То глас ее: он нудит нас и просит…
Уж в пристани волшебный ожил челн;
Прилив растет и быстро нас уносит
В неизмеримость темных волн.
Небесный свод, горящий славой звездной,
Таинственно глядит из глубины, –
И мы плывем, пылающею бездной
Со всех сторон окружены.

Стихотворение начинается с двойного сравнения (со- и противопоставления): океан – сны; земной шар – земная жизнь. Океан «объемлет» – он действует, он субъект; земная жизнь «объята» – с ней действуют, она объект. Пространственный параметр первой строки сменяется временным параметром второй. Сравнение нужно для организации зрительного ряда, который бы объединил то, что в принципе невыразимо. Поэты вообще постоянно борются с трудностями перевода «внутренней» речи во «внешнюю». Вспомним строки Тютчева из другого стихотворения:

Как сердцу высказать себя?
Другому как понять тебя?

Поэтому и приходится находить зрительный образ времени, звука и т. д. И хотя главное в стихотворении, что вполне очевидно, сны, но речь все время идет о волнах, челне, звездах и тому подобном: Тютчев до конца стихотворения не выпускает нас из этого образного ряда.

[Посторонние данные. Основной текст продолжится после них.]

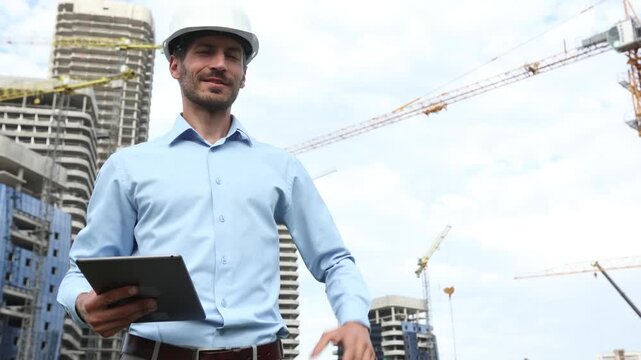 Side view of male engineer standing with digital tablet against background of buildings under construction working in construction helmet, points to the building and talks about the project - Powered by Adobe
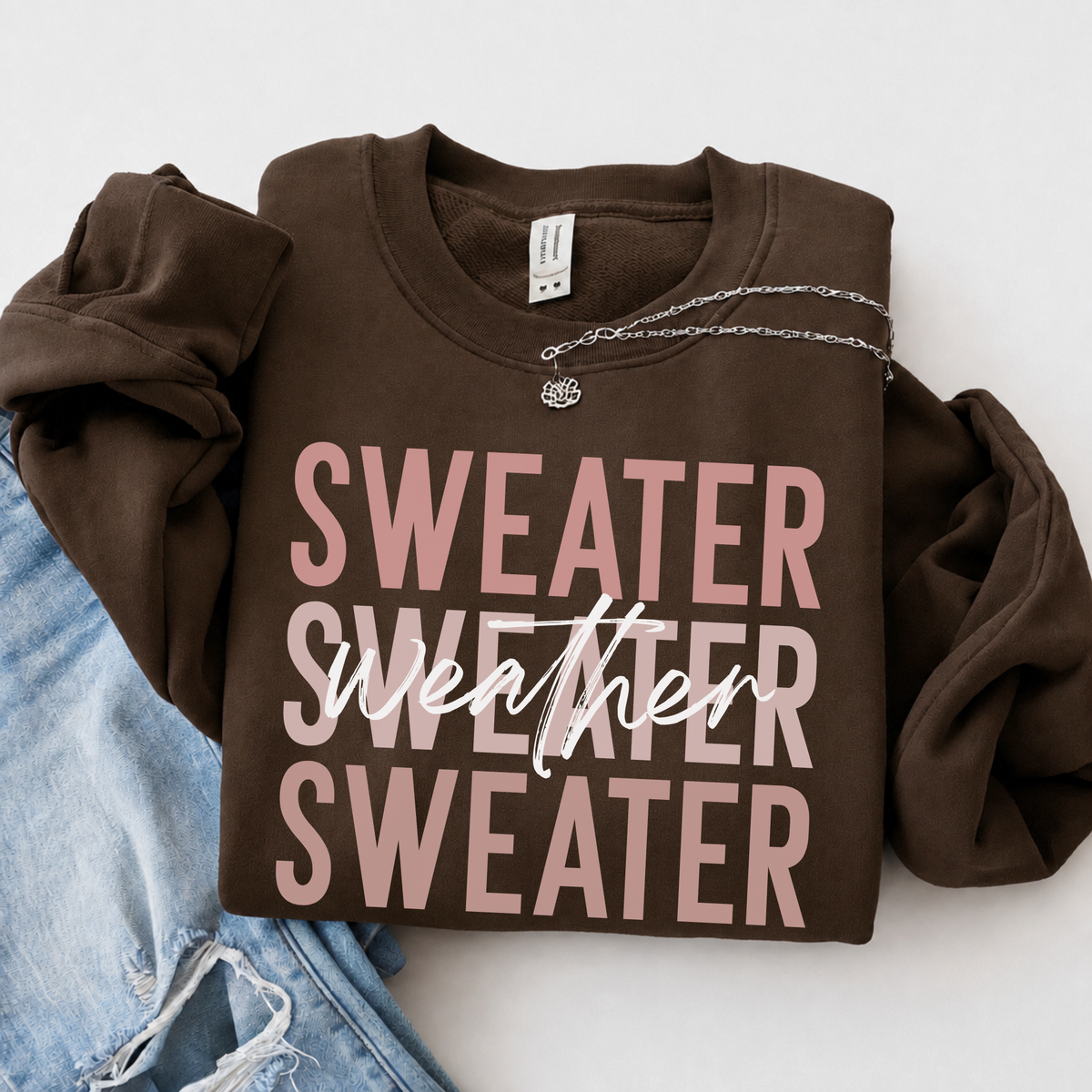 Folded brown crewneck sweatshirt with pink “Sweater Weather Sweater” graphic beside light-wash jeans on a neutral background.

Укороченная четвертая строка кажется противоречивой. Она создает конфликт, но не эмоциональный (слово «бьет» требует укороченности, иначе строка звучала бы фальшиво), а смысловой, так как на уровне ритма четвертая строка – не прилив, а отлив. Конфликтность заложена и в звуке: первые три неторопливо-убаюкивающие строки содержат по нарастающей соответственно 5, 6, 8 сонорных звуков («й» можно не считать, так как он не производит впечатления плавности), а четвертая – ни одного, наоборот, два «б» («бьет о берег») создают ощущение удара.

Сочетание «берег океана» для нас привычно, но правомерна ли метафора «земная жизнь – берег сна»?

Стихия бьет о берег свой.

Слово «берег» в таком случае означает границу. Сон, по Тютчеву, есть область неподвластной человеку стихии, которая, несомненно, опасна и чревата гибелью. Вообще для Тютчева именно моменты контакта со «стихией чуждой, запредельной» служат источником вдохновения. Стихия сна хоть и властная, но не самая грубая, поэтому

То глас ее: он нудит нас и просит…

Сон вкрадчив; он не только «нудит», но и «просит», правда, нет возможности отказаться, и просьба становится пустой формальностью, так как в сущности это приказ.

Уж в пристани волшебный ожил челн;
Прилив растет и быстро нас уносит
В неизмеримость темных волн.

Развернутое сравнение становится все более иррациональным, зрительный ряд, о котором шла речь в начале разбора, начинает жить сам по себе. «Челн» действительно ожил, на то он и «волшебный», зажил самостоятельно, потому что вряд ли мы найдем соответствующий ему предмет в «земной жизни». «Раскрывая символ, мы идем на риск», – писал О. Уайльд в предисловии к «Портрету Дориана Грея». В данном случае попытка раскрытия символа не кажется оправданной, но может сделать стихотворение более плоским. Кроме того, и сам образ содержит определенное противоречие, аналогичное ритмическому противоречию, отмеченному в первой строфе, и являющееся его продолжением. Прилив, конечно, поднял бы «челн», но не унес бы его. От противоречия спасла бы запятая после слова «растет», но ее нет.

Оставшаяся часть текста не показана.